Yeah...an "SUV" built on a Dodge Neon frame. Fantastic idea.


----------



## humner (Apr 28, 2011)

wilheldp_PE said:


> udpolo15 said:
> 
> 
> > What about the PT Cruiser? Never understood the appeal.
> ...


Nostalgia look that some people took to. With me, I first find a car that I can fit into and put the drivers seat back, and then see if there is room behind me. My sons are as tall as I am with large feet too. You would be surprised how many cars actually fit into the "Iron Maiden" form of torture for people in the back seat.


----------



## willsee (Apr 28, 2011)

humner said:


> wilheldp_PE said:
> 
> 
> > udpolo15 said:
> ...


That's why I bought a coupe.

Unless you buy a huge 4-door car the backseat is still pointless for grown adults.


----------



## Capt Worley PE (Apr 28, 2011)

willsee said:


> humner said:
> 
> 
> > wilheldp_PE said:
> ...


I don't know what you consider huge, but my Malibu Maxx has vast legroom in the back. saturn Aura and the 2008-2012 Malibu are on the same platform and have pretty good legroom as well.

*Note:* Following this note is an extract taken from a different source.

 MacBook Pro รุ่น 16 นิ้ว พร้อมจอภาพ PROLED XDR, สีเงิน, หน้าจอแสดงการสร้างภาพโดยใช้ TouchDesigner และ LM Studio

The Impala backseat is pretty roomy as well.


----------



## csb (Apr 28, 2011)

All the tall people I know drive Impalas or Crown Vics.

I'd say the Honda Ridgeline made no sense for me from the same standpoint as the Chevy Avalanche...if you want an SUV, buy an SUV. If you want a truck, buy a truck. Don't buy some useless hybrid of both.


----------



## MA_PE (Apr 28, 2011)

I never understood the concept of the part SUV/Part pickup truck like the Ridgeline and especially the "luxury" versions (Cadillac or Lincoln) they just seemed foolish.

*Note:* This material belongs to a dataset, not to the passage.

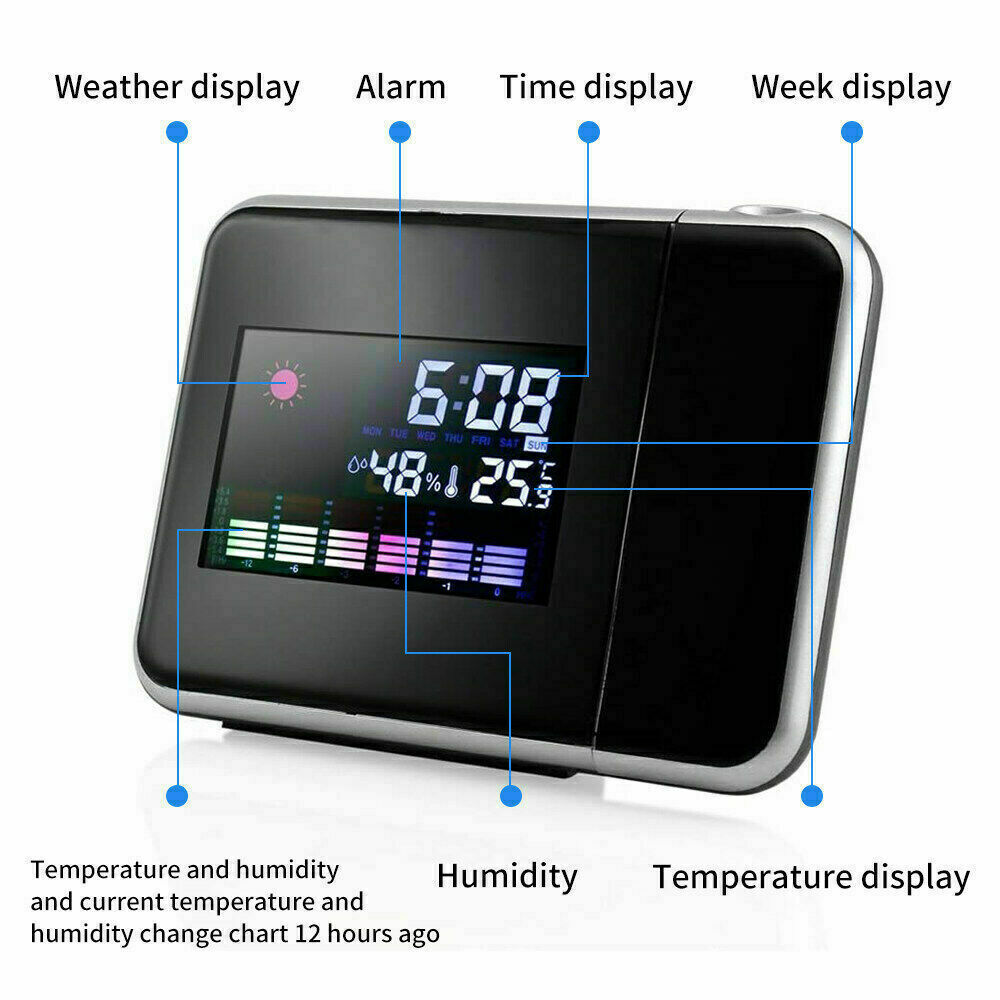 Smart Alarm Clock Digital LED Projector Temperature Time Projection LCD Display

The Crossfire looks like a nice car, but trying to break into the luxury sports car market is tough. I get a laugh out of the guys that talk about "performance" for these cars because I believe that 95%+ of the owners never even remotely test out the bounds of the performance. It's a status thing where they can quote auto enthusiast magazines about what the car is capable of.

It's unfair to list the "specialty vehicles" like the SSR, they were never intended to be mass marketed. Just like the Prowler, the Viper, etc.

The VW Pheaton, the writer was spot on with that one.



> Word to the wise: People who want VW's don't buy $85,000 cars, and people who buy $85,000 cars don't want VW's.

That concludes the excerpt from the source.